§ **DATA SHOWN**:
-*-*-

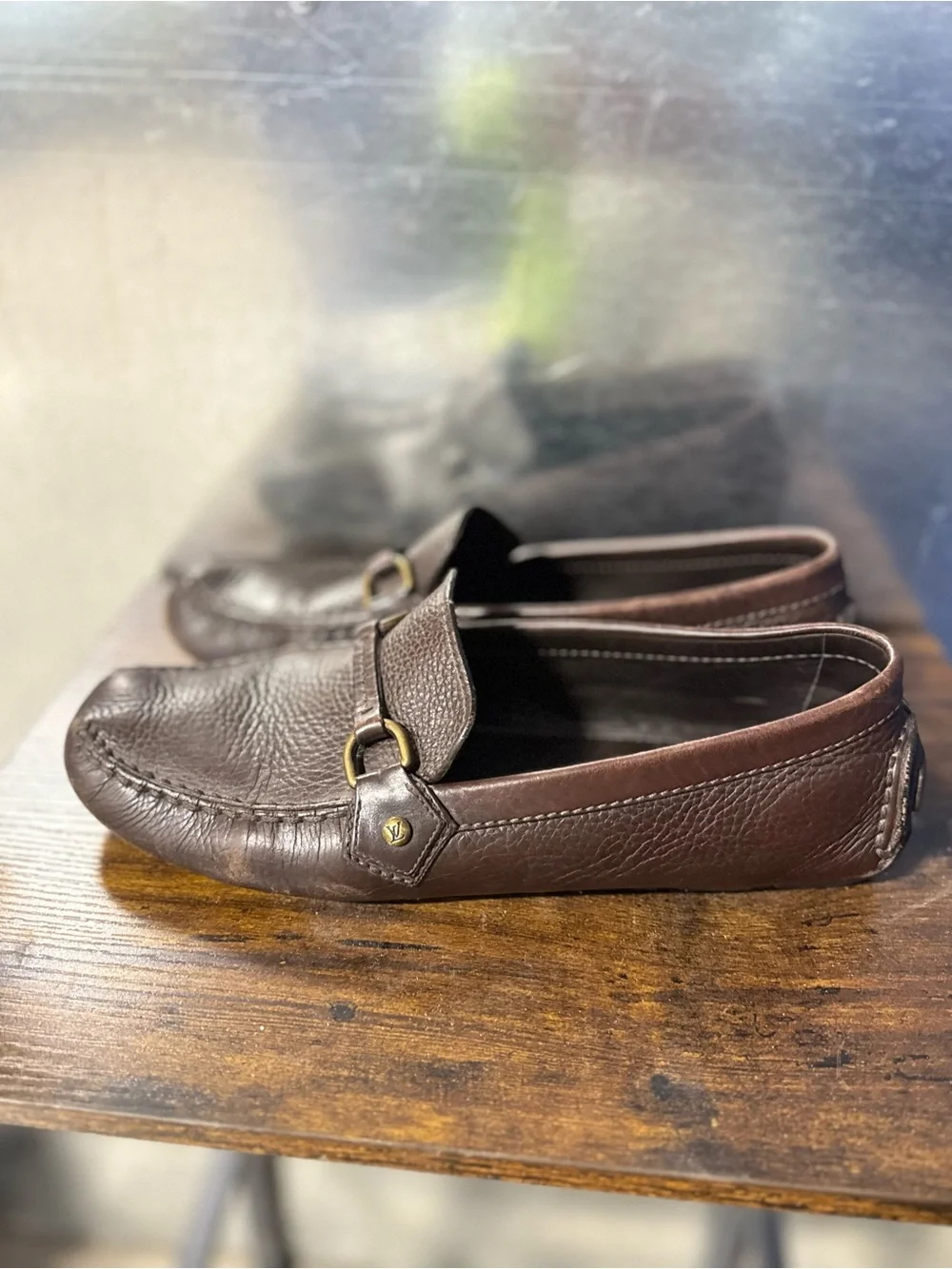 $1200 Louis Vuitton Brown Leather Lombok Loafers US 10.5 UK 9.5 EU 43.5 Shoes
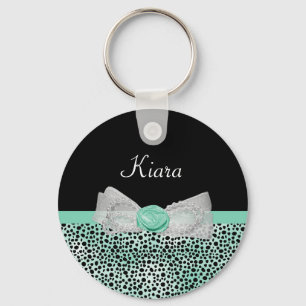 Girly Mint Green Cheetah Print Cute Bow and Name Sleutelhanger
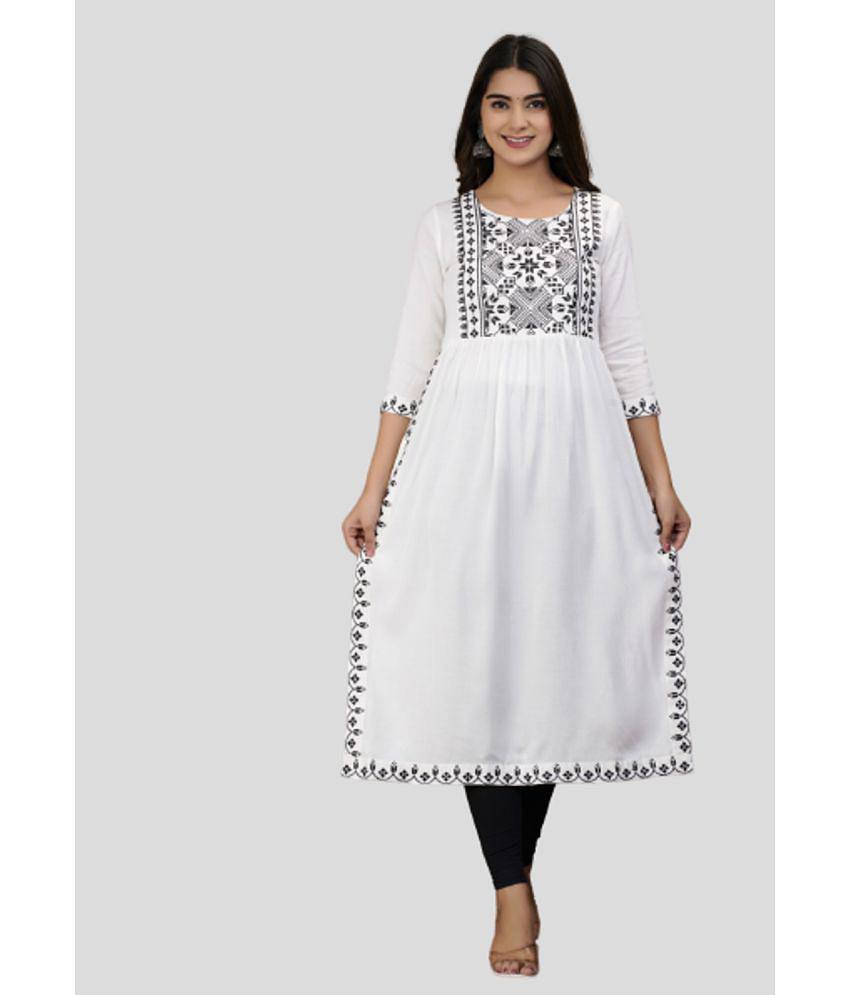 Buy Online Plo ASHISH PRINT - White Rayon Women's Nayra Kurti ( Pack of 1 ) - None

-*-*-

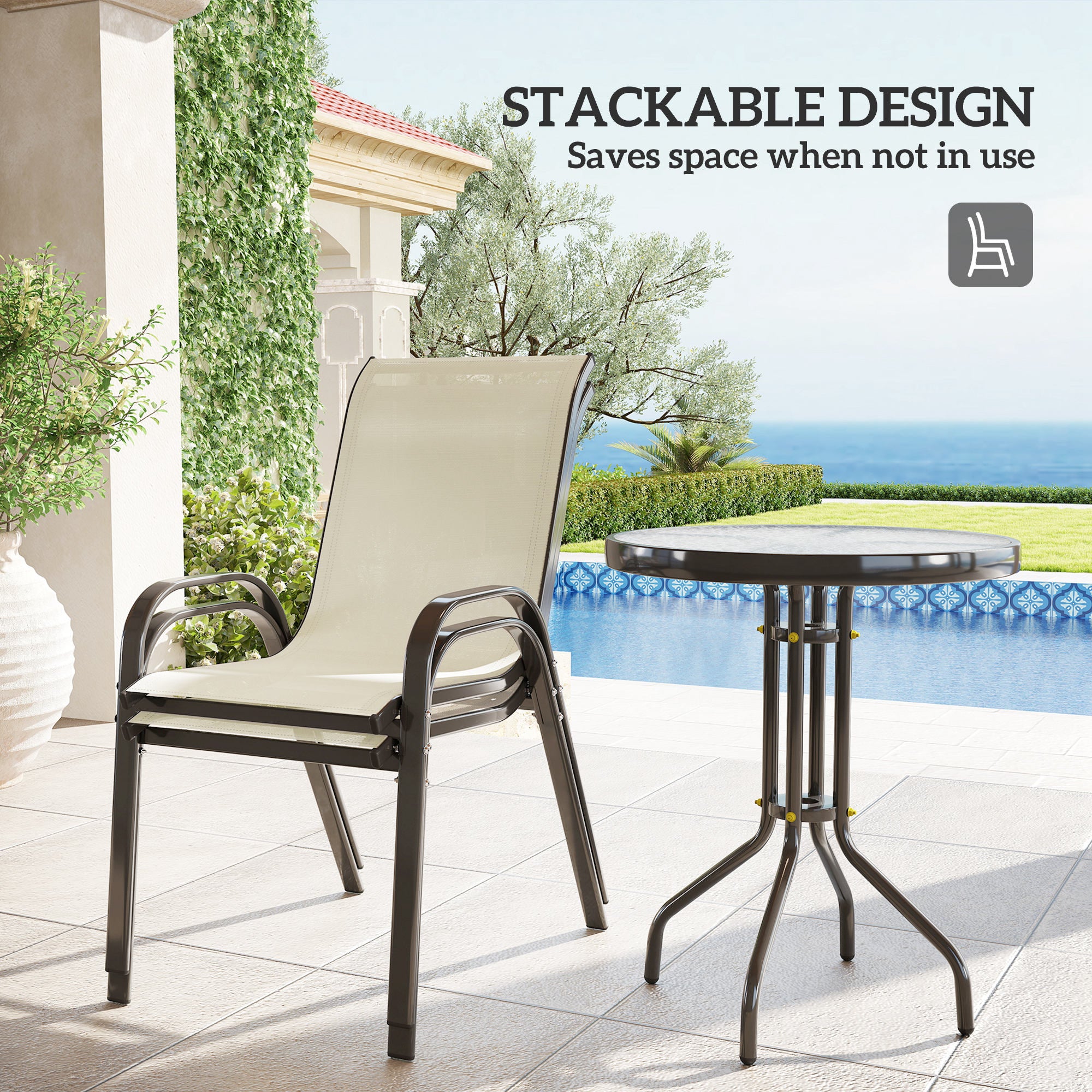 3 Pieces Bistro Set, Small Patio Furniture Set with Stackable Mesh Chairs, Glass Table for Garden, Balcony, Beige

-*-*-

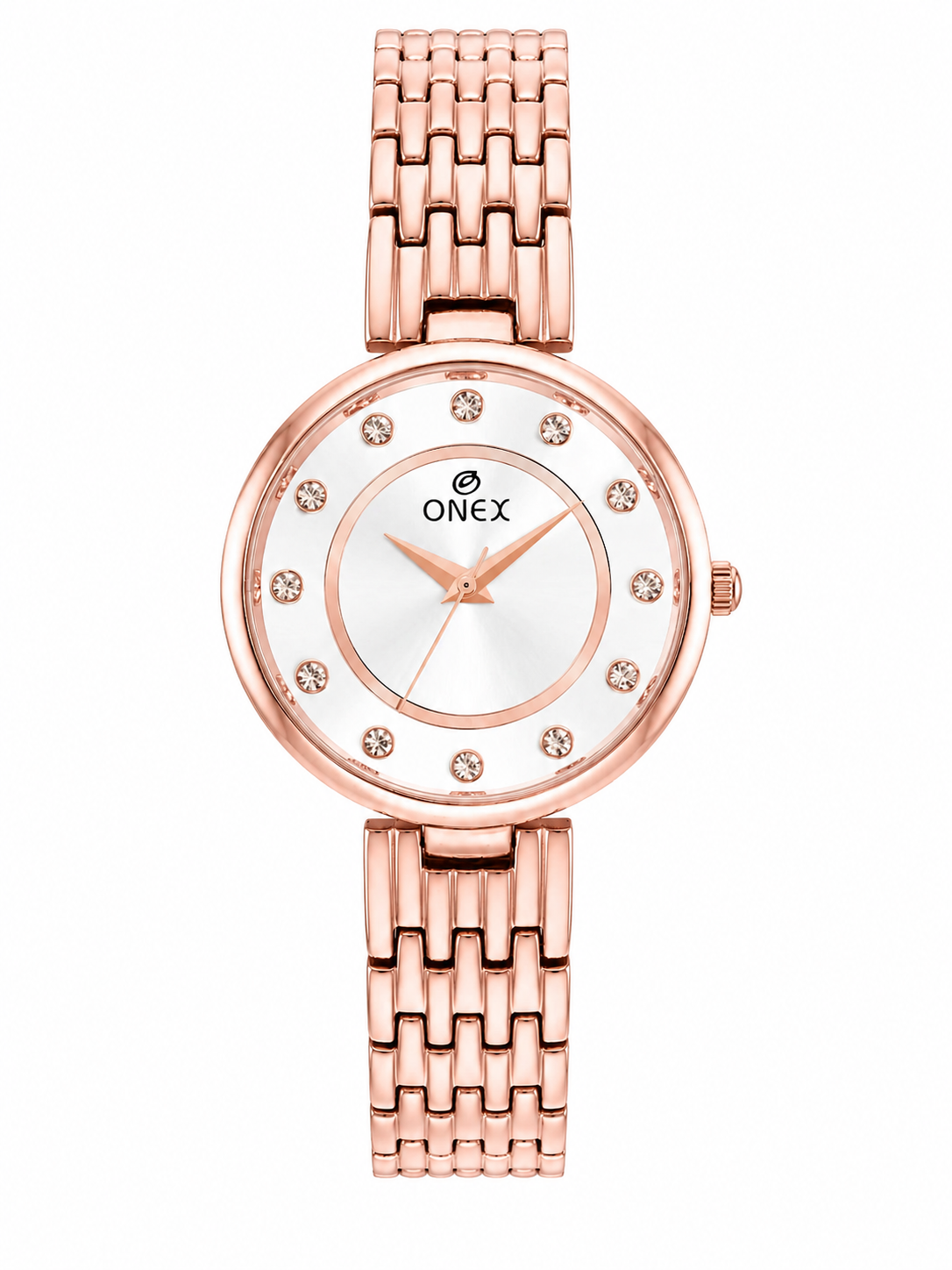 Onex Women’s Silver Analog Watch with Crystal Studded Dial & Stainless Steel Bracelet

-*-*-

All that should be printed is the run of lines above from the one with "EU 43.5 Shoes" through the one with "Buy Online Plo", both included, exactly as given, with pictures left out.

§ **SOLUTION**:
 $1200 Louis Vuitton Brown Leather Lombok Loafers US 10.5 UK 9.5 EU 43.5 Shoes
 Girly Mint Green Cheetah Print Cute Bow and Name Sleutelhanger
 Buy Online Plo ASHISH PRINT - White Rayon Women's Nayra Kurti ( Pack of 1 ) - None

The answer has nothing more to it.